All of these videos stand as landmark videos, and if and when there is a music video hall of fame, they should be among the first inductees.

As we get closer to the present, the Video of the Year award has become less rewarding for the Best Video, and more rewarding to whoever is most likely to benefit MTV in the future. The more recent winners haven’t aged well. Does anyone even remember Jamiroquai? He was the winner in 1997. Madonna’s 1998 win with “Ray of Light” and Lauryn Hill’s 1999 win with “Doo Wop (That Thing)” were deserved considering the competition, but hardly belong on Mount Olympus with the other legendary videos.

In 2000 the “Real Slim Shady” won. Memorable, perhaps. Groundbreaking, forwarding the art form of music videos, or touching? Not a chance. In 2001 it was that terrible cover of “Lady Marmalade” that won, solidifying my belief that the VMA’s have become leeches to whomever was the biggest flash in the pan at the time, proved again the following year when Eminem won with “Without Me.”

History lesson completed, this year’s winner was Missy Elliot with “Work It,” a slightly above average video. None of the other videos jumped out at you. None had any special effects that you knew were going to change everything and the only one that really drew you in was Justin Timberlake and that was because we all knew it was really about Britney Spears cheating on him … maybe with Madonna.

There was one video that did stand out. It wasn’t technologically advanced, in fact it was its primitive style that made it stand out. I, of course, am talking about Johnny Cash’s cover of “Hurt.” For those of you how haven’t seen the video, it is, like the song, a reflection on Cash’s long career, incorporating footage from his younger days with jet black hair, intercut with him today, in the twilight of his career and life, graying hair and aged face.
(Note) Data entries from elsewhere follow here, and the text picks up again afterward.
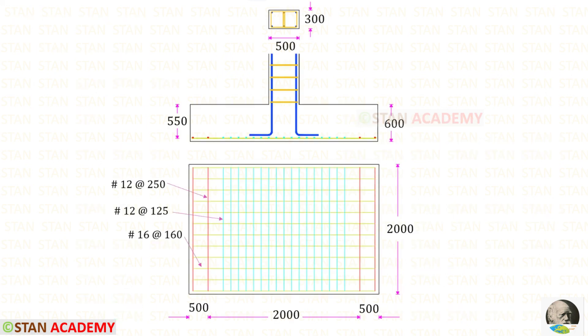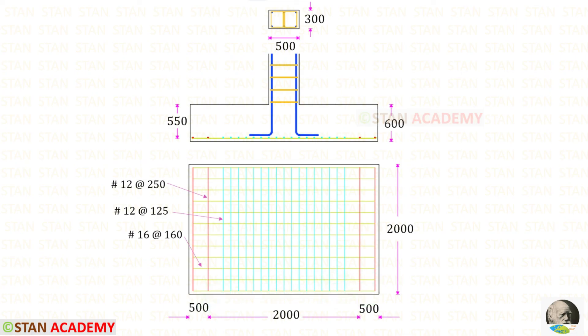Here you can see the reinforcement details of the footing, showing the two edge bands and the central band. We are now going to end this session.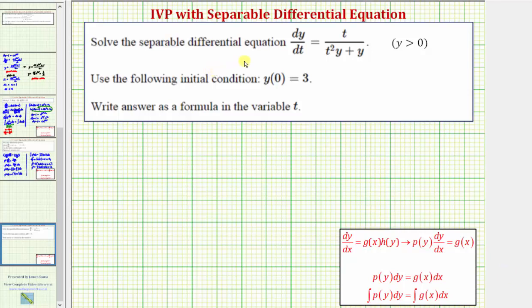We want to solve the separable differential equation and also use the initial condition y of zero equals three to write the answer as a formula in the variable t.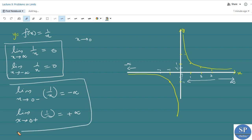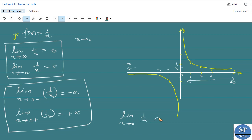So the left limit and right limits are not equal at the point x equals 0. The left limit is minus infinity and the right limit is plus infinity. Therefore we can say that limit x tends to 0 of 1 by x does not exist. We can use these facts — that as x tends to infinity or x tends to minus infinity, 1 by x approaches to 0 — to do some other problems.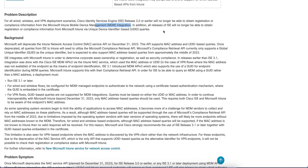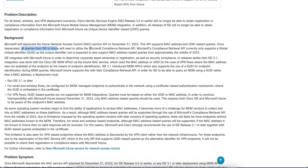Once Microsoft deprecates this API, you will have to use GUID-based queries. The current Azure Graph API supports MAC address queries, but once deprecated, all queries from ISE to Intune will need to utilize the Microsoft Compliance Retrieval API — not the Intune NAC service API. The Microsoft Compliance Retrieval API currently only supports a Global Unique Identifier (GUID) as the unique identifier.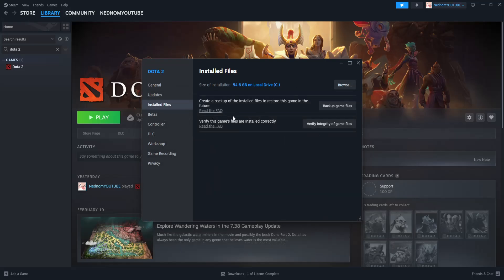If it still doesn't fix it, the last method is to verify the integrity of the game files. This is going to make sure that your game is properly installed.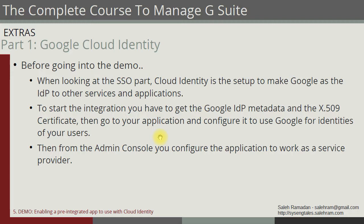We're going to talk about SSO mostly on this. For Cloud Identity, when we talk about SSO, we mean that we want Google to be the identity provider to other service applications. We talked about SSO previously from the perspective that Google is the service provider and other services or platforms are the identity providers. However, this is going to be reversed with Cloud Identity, where Google is going to be the identity provider.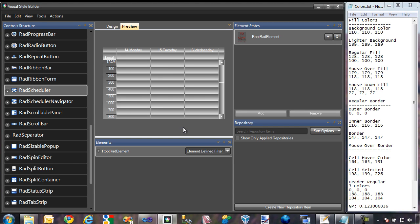In the previous video of this series, I showed you how to create a custom theme for the Scheduler component of RAD Scheduler. Having done that, we still need to make sure to create a theme specific to the Edit Appointment dialog that is displayed when users create appointments.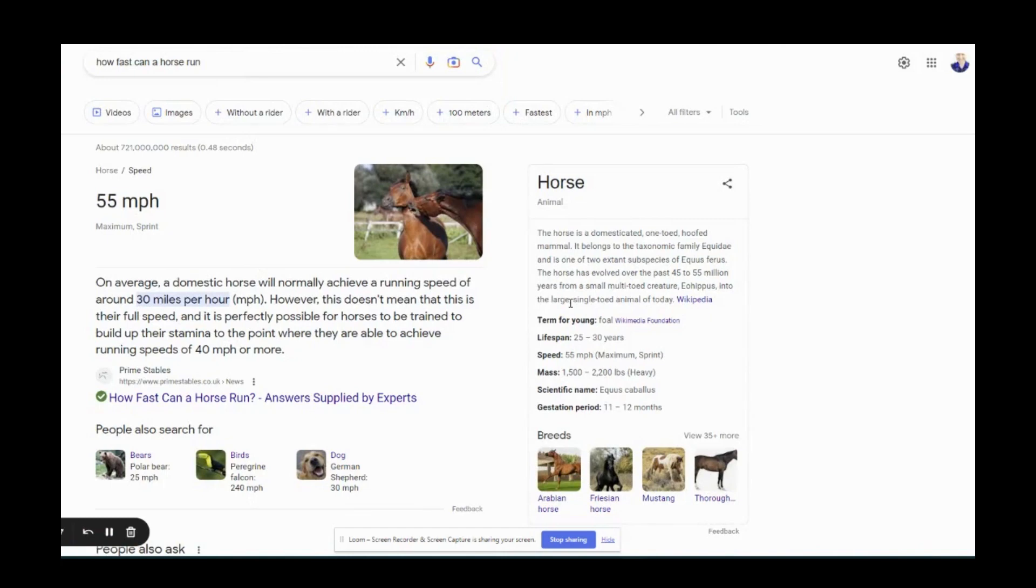Today we're going to talk about how to get ChatGPT to help write you a summary of your blog articles so that you can get a Google featured snippet.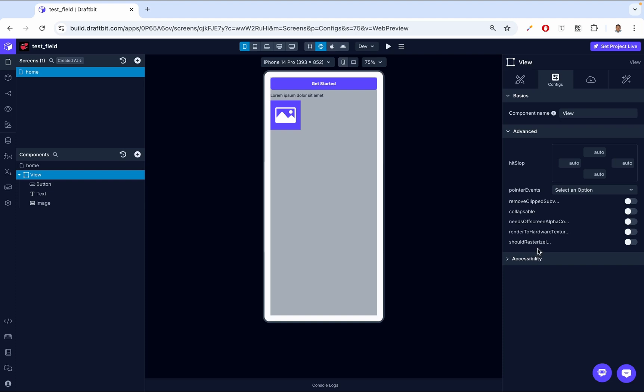Then lastly, we have should rasterize iOS. This is a property that can improve how a View is rendered on iOS devices. When enabled, the screen takes a snapshot of the view and converts it into a bitmap image. This bitmap image is then used when displaying the view instead of redrawing it every time. This can speed up the rendering of complex views, making them appear smoother on screen — especially useful for views with many layers of effects, reducing the workload on the processor.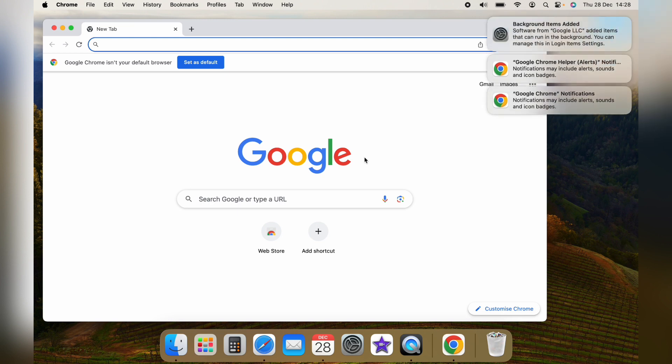When you first open it up, you'll get all these pop-ups. You can just close them away as they're just standard information about Google Chrome.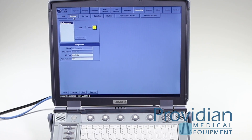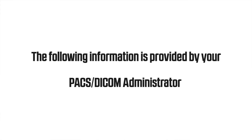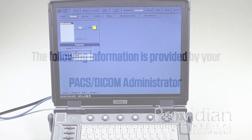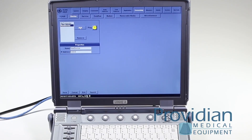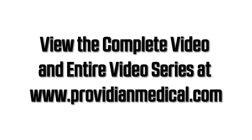Next, go to the device section — this is the server you're going to send images to, and your DICOM administrator would have given you this information. Go ahead and click Add. This is where it's quite different from other machines: you're actually entering the DICOM server in a couple of different ways.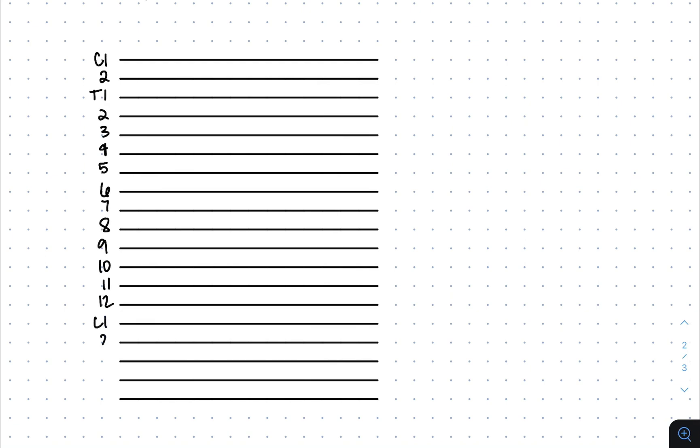Last but not least, posterior Chapman's points. You'll draw 19 lines, starting with C1, C2, then T1 through T12, then L1 to L5. Immediately, I cross out T1 and T12 to remind myself that there's nothing on those points.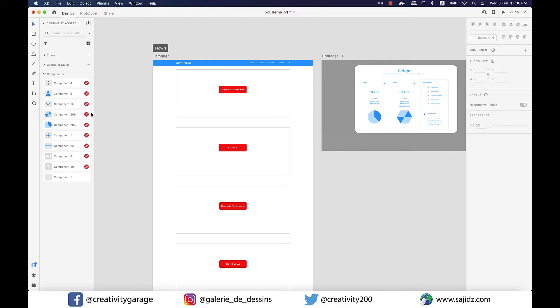First of all, understand what components are. Components are objects much like the text or the boxes that you can reuse across your artboards in an XD document, and you can change them all simultaneously by only modifying one instance of them. So that's one of the main benefits of a component.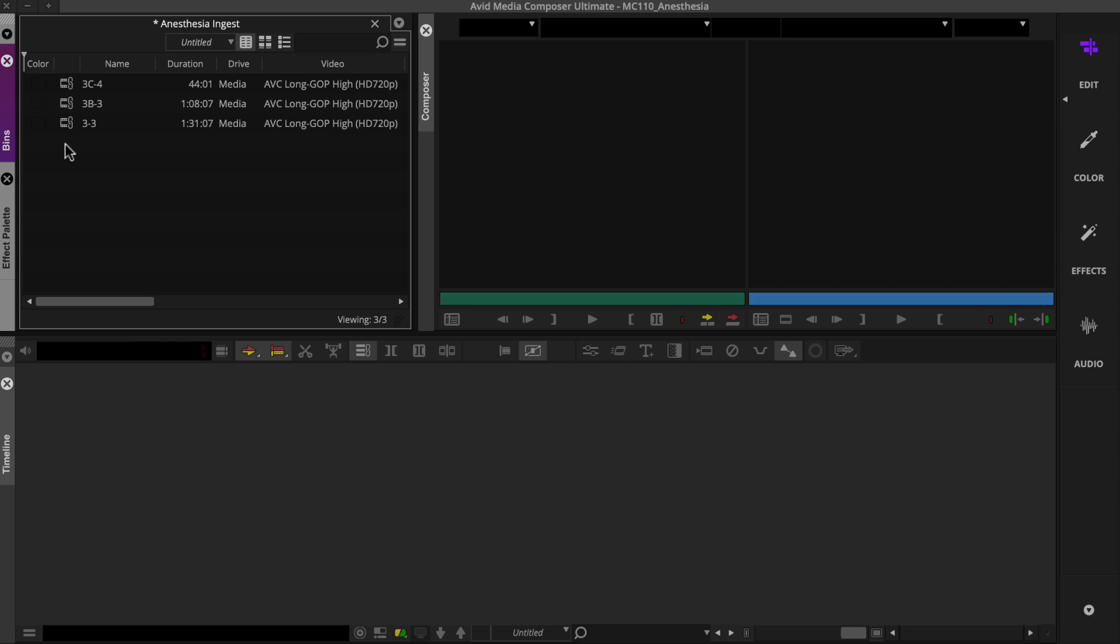Once you link to camera native media like H.264 or AVC Longop in this example, you can use transcode to create Avid native media. Once transcoded, you'll be able to remove the connected camera or drive.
The average MTV viewer has no clue who he is and what he represents. Ironically, Justin Timberlake did, and said publicly that he thought Cash should have won Best Male Video. So, I’m not really surprised he didn’t win; he’s 71 years old, and that’s older than all the other nominees combined minus Missy Elliot. Not exactly MTV’s usual artist, so I do give them credit for nominating him. However, the first time I saw the video for “Hurt” I got goose bumps. It was so powerful how he turned a teen angst song into a song reflecting an entire life time, just with his voice, and then to reinforce it with the images in the video.

Yes, “Hurt” was nominated for seven awards, and it did win one, “Best Cinematography,” a fairly insignificant technical award that in no way honored cash or the song, but rather the man who held the camera. That’s better than nothing, but a musical legend like Cash deserves … nay … has earned more than that, especially against lightweights like Timberlake, Elliot, 50 Cent and Eminem. Cash was the man in black long before Will Smith was born. So, to whoever decided against awarding Johnny Cash video of the year, I hope you’re somewhere in a burning ring of fire.